I created an LLM post-training method called RPS. Preliminary results show that it improved Qwen3-8b's program synthesis reliability. [R]
Summary
A new LLM post-training method, Regressive Plasticity Schedule (RPS), has been developed, drawing inspiration from neuroscience's two-stage learning model. RPS trains large language models like Qwen3-8b in two distinct stages: an initial phase on "easy" data with a high learning rate, followed by a second phase on "hard" data using 10% of the initial learning rate. This approach combines curriculum learning with learning rate decay. Preliminary results indicate RPS improved Qwen3-8b's program synthesis reliability, achieving 1145/1200 program executions without error, compared to 870/1200 for an Equal Plasticity Schedule (EPS) baseline. On ARC-AGI 1 public eval scores, RPS scored 4%, outperforming EPS's 2.4%. The method aims to enhance model performance by mimicking human neuro-plasticity stages.
Key takeaway
For Machine Learning Engineers optimizing LLM performance on code generation, consider integrating a two-stage training approach like RPS. Your current fine-tuning strategies might benefit from separating "easy" and "hard" data with distinct learning rates, potentially improving program synthesis reliability. Evaluate how you define and split your training data to operationalize "easy" versus "hard" examples, and benchmark against single-stage baselines to quantify the gains.
Key insights
The Regressive Plasticity Schedule (RPS) improves LLM program synthesis by mimicking human learning stages with a two-stage curriculum and learning rate decay.
Principles
- Two-stage training can enhance LLM reliability.

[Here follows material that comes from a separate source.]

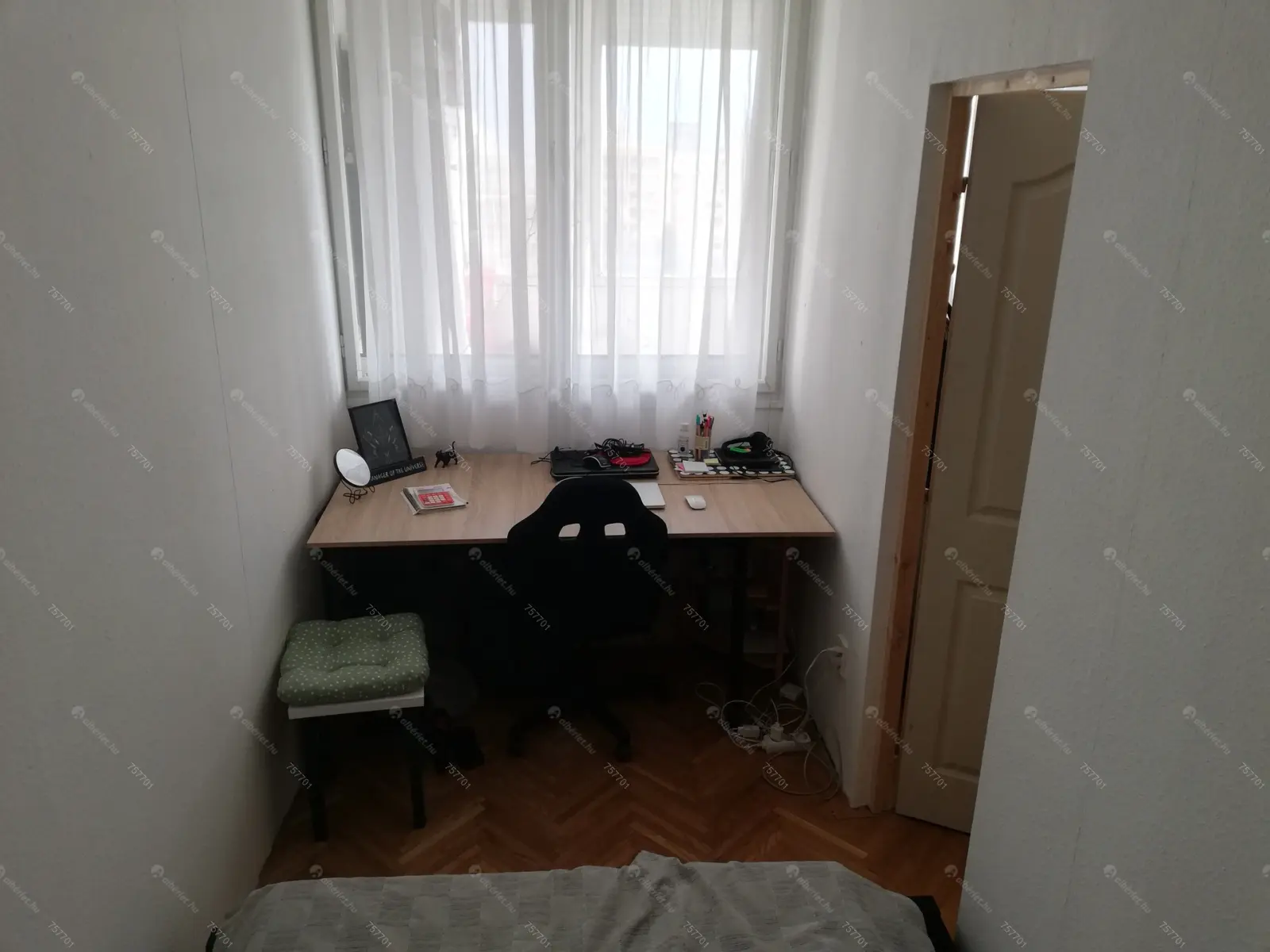 Kiadó albérlet 200000 Ft/hó áron: Budapest, II. kerület  Pálos utca. Mérete: 45 nm, 1 szobás | Alberlet.hu - 6398474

- Curriculum learning benefits from varied learning rates.
- Neuroscience models inspire LLM training schedules.
Method
RPS trains models in two stages: easy data with high learning rate, then hard data with 10% of the initial learning rate, combining curriculum learning and learning rate decay.
In practice
- Apply two-stage training to program synthesis tasks.
- Experiment with learning rate decay schedules.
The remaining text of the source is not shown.